Records supplied START

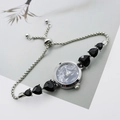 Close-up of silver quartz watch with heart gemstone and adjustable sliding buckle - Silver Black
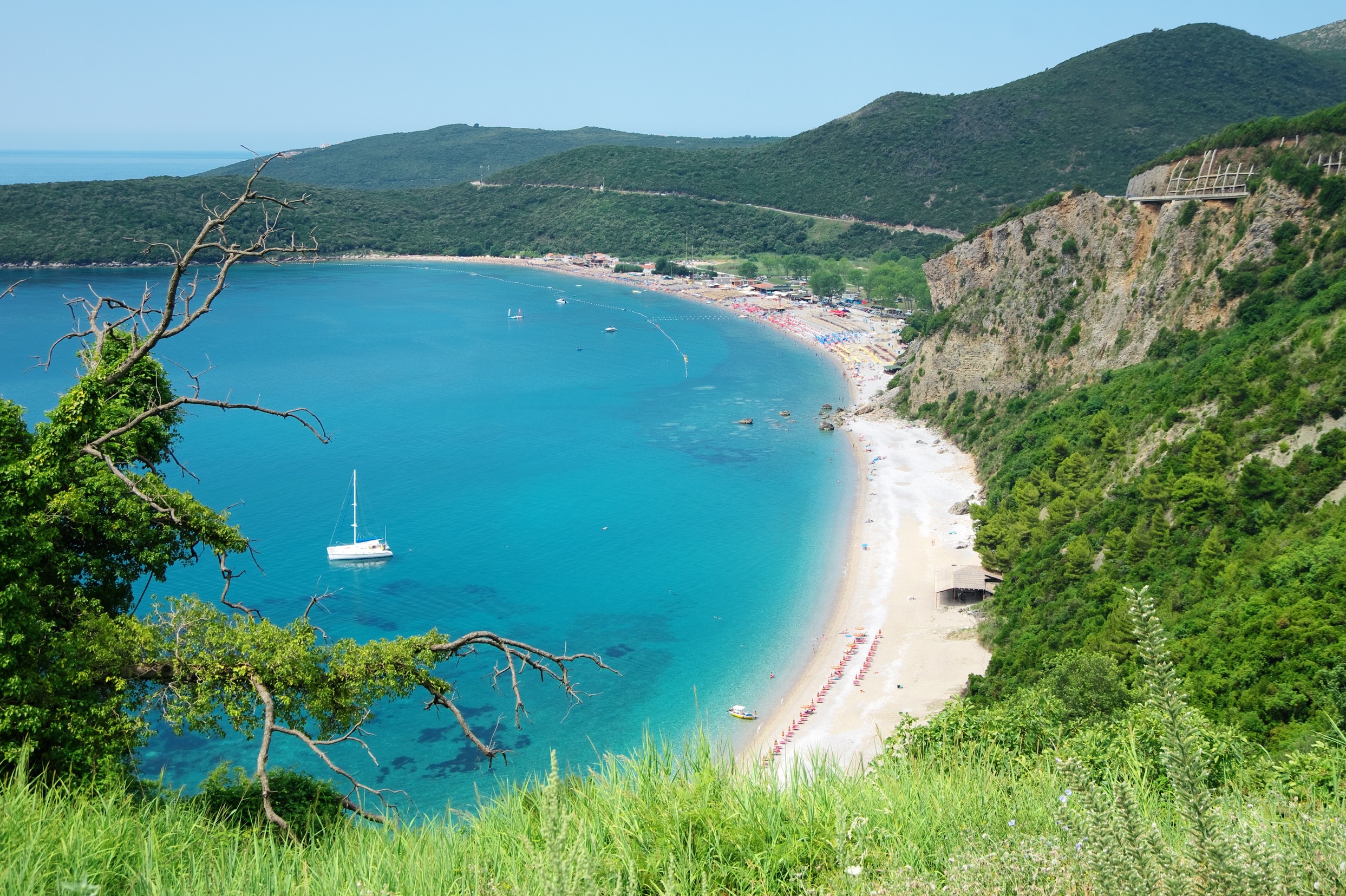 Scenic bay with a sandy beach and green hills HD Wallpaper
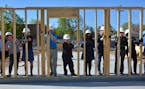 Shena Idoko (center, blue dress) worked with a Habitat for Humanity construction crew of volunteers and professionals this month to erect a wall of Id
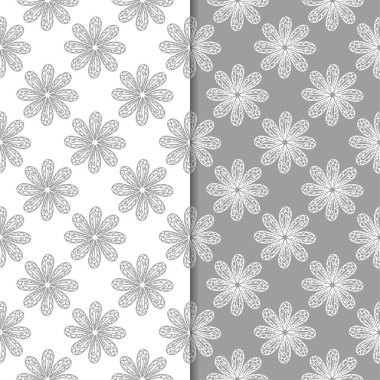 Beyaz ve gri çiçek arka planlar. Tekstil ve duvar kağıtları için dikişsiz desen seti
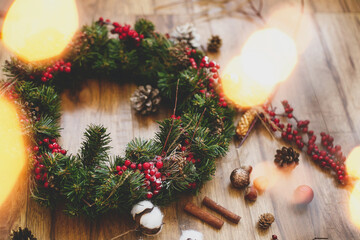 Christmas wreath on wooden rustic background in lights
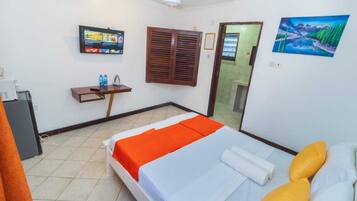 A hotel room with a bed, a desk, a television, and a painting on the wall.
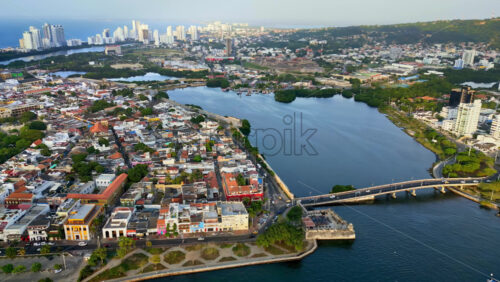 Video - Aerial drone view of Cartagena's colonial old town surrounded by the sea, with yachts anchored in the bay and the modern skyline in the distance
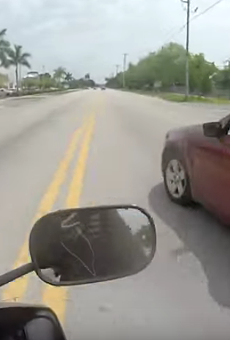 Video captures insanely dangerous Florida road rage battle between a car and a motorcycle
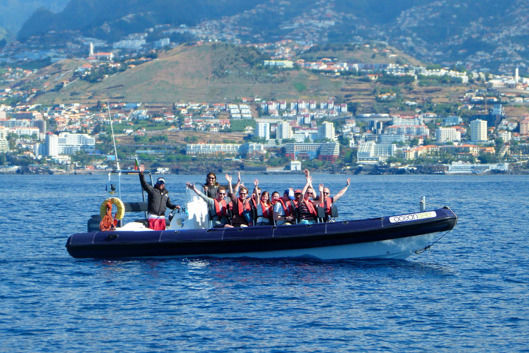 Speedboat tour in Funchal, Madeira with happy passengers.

Records supplied END

- Task requirements:
Beginning with the line that has "Video captures insanely", repeat each remaining line of the data above word for word, keeping pictures out.

- Reply to the exercise:
 Video captures insanely dangerous Florida road rage battle between a car and a motorcycle
 Speedboat tour in Funchal, Madeira with happy passengers.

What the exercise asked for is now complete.